Alaska is on pace to end the fiscal year with $400 million less revenue than expected because of falling oil prices, state revenue commissioner Randall Hoffbeck said. Standard and Poor’s Ratings Services recently lowered Alaska’s credit rating because of the state’s poor fiscal outlook.
Planned Parenthood asked a federal judge to stop Republican Gov. Bobby Jindal's administration from ending Medicaid payments to the organization's Louisiana clinics. Jindal announced plans this month to cut off Medicaid funding to the group’s Baton Rouge and New Orleans health centers, citing hidden-camera videos that accuse the organization of profiting from fetal tissue sales after abortions. Planned Parenthood denies the allegations.
A circuit court judge said he doesn’t have authority to resolve Florida’s legislative impasse over congressional redistricting and will ask the state Supreme Court for guidance.
About 36,000 Hoosiers could lose access to food stamps unless they start meeting newly reinstated federal work and job training requirements. The state had received a waiver from those requirements in 2009, but with Indiana's improving unemployment rate, it no longer qualifies.
New Jersey won’t be able to offer gambling on professional and college sports at its casinos and racetracks. The U.S. Court of Appeals ruled that doing so would violate the 1992 federal Professional and Amateur Sports Protection Act.
A federal judge threw out most of a lawsuit that challenged the state's decision to use $930 million of Ohio Turnpike tolls to pay for non-turnpike highway and construction projects, saying the money benefitted users of the turnpike even if it wasn’t used for maintenance of the toll road.
The measure would prohibit flying a drone less than 350 feet above private property without consent in California. The bill now heads to the Senate for final approval.
Eight months after the Justice Department announced new curbs on racial profiling, Maryland became the first state to follow suit, with guidelines aimed at severely restricting law enforcement officers from singling out suspects based on traits including race, ethnicity and sexual orientation.
Kansas Gov. Sam Brownback joined with fellow Republican Gov. Nikki Haley of South Carolina in pledging to take any action within their power to prevent the transfer of inmates from Guantanamo Bay to federal military prisons their respective states.
Roughly $2 million has been pledged in temporary funding to keep afloat a hot-button Colorado program that provides long-acting reversible contraceptives to low-income and uninsured teenagers and women. Officials say money for the initiative, which is aimed at reducing teen pregnancy and abortion rates, is coming from more than a dozen organizations.
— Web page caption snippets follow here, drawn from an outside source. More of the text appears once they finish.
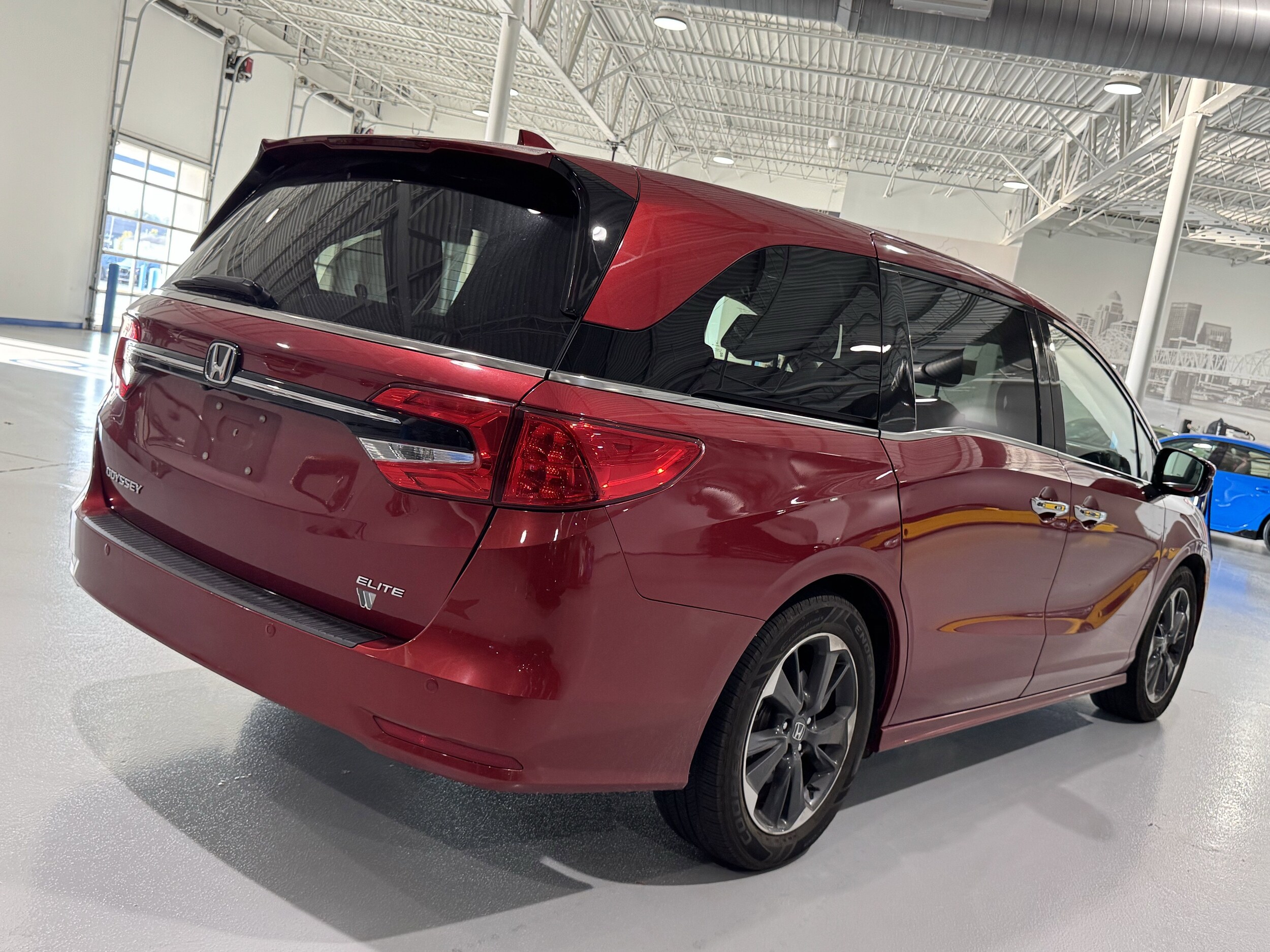 2022 Honda Odyssey Elite photo 3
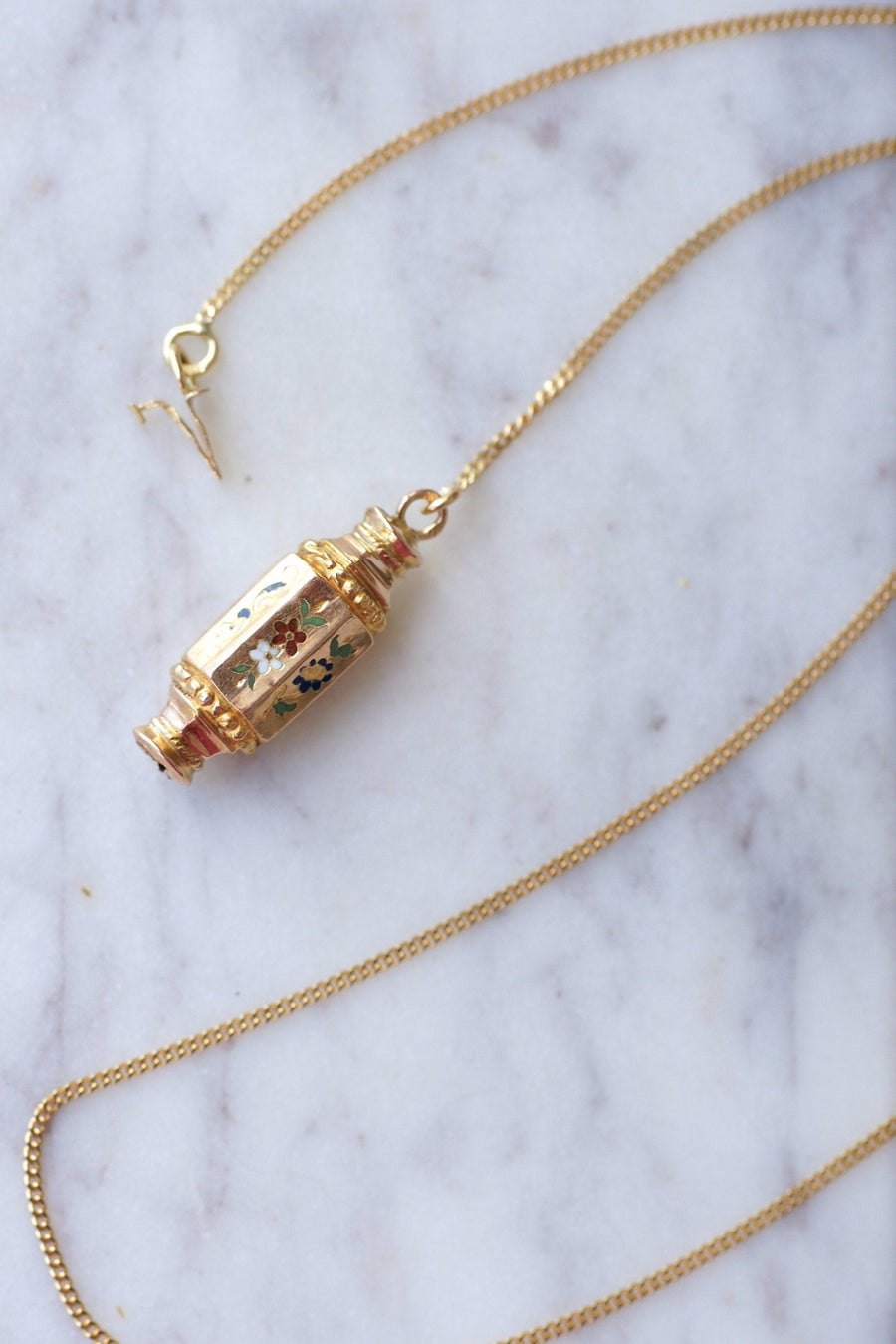 Gold necklace with regional enamel clasp, 19th century - Galerie Pénélope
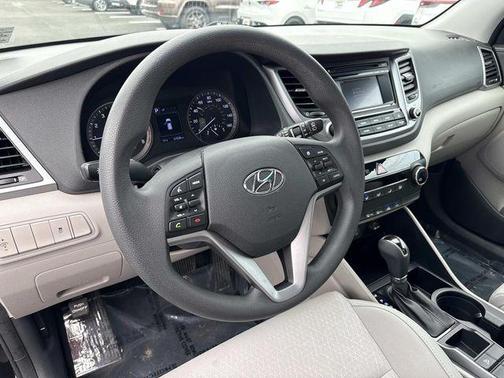 Black Noir Pearl 2017 Hyundai TUCSON SE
By switching from 24 pay periods to 26 this year, West Virginia sparked a series of grievances filed by state employees who discovered they will receive 25 paychecks in the switchover and apparently will not be paid their full salaries.
From Sept. 1 to Nov. 30, Missourians who owe taxes can pay their debts to the state without interest or penalties. The taxes eligible for amnesty include individual and corporate income taxes, corporate franchise tax, employer withholding tax, sales tax, use tax, vendor’s use tax and the fiduciary tax.
The Texas Racing Commission’s decision to allow gambling on electronic simulations of past races is a victory for racetracks — and a rebuff to legislative opponents who threatened to kill the commission’s budget if it failed to outlaw so-called “historical” racing.